**THE PROBLEM**
Give again every line from the one with "this 1148×1047 image." through the last line of the data, exactly, and leave out the lines before it.

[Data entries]
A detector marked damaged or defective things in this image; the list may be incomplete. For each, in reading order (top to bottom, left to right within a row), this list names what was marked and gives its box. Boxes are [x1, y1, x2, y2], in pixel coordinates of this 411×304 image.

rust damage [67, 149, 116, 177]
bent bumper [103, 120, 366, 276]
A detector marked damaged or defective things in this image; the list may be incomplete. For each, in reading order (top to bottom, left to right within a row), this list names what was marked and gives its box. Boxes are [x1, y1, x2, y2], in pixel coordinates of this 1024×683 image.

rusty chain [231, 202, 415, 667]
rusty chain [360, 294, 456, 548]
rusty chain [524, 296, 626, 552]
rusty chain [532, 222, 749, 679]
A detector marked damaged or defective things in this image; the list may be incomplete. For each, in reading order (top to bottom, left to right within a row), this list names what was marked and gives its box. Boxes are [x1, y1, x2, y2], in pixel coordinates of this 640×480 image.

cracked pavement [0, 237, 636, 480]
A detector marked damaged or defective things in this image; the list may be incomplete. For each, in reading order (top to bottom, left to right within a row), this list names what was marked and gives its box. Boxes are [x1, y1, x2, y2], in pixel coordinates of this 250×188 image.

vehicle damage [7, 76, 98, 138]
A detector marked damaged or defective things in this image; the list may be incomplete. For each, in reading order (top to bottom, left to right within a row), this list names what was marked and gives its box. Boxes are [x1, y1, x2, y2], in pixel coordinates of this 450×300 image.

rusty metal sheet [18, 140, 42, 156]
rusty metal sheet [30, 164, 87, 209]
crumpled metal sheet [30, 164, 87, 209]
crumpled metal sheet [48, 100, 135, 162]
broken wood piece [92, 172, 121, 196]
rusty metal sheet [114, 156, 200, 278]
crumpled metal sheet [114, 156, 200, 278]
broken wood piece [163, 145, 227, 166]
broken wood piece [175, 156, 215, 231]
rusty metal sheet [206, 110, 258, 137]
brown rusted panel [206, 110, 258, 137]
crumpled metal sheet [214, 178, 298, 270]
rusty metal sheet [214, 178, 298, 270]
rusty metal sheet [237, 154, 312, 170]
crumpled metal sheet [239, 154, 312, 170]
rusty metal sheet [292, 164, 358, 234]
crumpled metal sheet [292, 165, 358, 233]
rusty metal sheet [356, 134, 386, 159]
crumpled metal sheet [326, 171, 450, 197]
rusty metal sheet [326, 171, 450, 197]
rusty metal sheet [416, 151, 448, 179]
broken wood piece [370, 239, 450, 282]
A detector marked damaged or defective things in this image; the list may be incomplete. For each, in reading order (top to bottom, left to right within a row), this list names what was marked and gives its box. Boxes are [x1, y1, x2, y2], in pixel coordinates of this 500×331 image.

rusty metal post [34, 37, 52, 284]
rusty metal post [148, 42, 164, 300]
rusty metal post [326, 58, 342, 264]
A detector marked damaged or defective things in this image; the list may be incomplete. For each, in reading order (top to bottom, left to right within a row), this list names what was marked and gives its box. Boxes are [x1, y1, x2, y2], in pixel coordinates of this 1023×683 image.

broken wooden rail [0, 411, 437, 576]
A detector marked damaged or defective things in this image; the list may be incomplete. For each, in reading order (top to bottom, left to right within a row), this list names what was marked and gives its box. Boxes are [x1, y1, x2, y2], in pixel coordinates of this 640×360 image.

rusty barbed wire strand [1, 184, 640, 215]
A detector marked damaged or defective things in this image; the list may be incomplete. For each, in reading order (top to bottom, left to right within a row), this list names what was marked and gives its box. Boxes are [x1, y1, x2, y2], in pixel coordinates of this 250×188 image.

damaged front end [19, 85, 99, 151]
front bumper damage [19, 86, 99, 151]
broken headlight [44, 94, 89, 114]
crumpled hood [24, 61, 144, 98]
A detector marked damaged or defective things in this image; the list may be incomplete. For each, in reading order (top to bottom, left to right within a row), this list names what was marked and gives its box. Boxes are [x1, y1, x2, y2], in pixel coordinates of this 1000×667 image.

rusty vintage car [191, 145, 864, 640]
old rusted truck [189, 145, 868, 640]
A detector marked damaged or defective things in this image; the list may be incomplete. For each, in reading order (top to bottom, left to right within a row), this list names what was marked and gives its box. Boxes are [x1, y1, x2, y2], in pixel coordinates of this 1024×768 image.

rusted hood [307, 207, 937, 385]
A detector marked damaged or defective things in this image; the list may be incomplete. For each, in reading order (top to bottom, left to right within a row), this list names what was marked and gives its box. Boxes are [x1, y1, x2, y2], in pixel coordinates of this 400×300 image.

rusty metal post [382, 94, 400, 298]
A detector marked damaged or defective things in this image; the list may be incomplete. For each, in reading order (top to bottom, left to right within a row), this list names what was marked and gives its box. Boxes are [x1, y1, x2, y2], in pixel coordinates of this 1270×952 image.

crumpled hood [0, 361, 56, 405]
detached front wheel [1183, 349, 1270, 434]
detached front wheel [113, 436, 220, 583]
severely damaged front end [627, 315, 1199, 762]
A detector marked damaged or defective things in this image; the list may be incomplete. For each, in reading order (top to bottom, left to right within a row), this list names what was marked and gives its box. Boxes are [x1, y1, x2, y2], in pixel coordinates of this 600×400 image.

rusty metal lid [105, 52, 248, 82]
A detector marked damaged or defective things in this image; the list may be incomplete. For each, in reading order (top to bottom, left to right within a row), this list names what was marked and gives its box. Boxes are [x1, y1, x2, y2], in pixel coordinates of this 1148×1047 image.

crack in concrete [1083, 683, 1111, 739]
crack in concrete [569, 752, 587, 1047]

**COMPLETED EXERCISE**
A detector marked damaged or defective things in this image; the list may be incomplete. For each, in reading order (top to bottom, left to right within a row), this list names what was marked and gives its box. Boxes are [x1, y1, x2, y2], in pixel coordinates of this 1148×1047 image.

crack in concrete [1083, 683, 1111, 739]
crack in concrete [569, 752, 587, 1047]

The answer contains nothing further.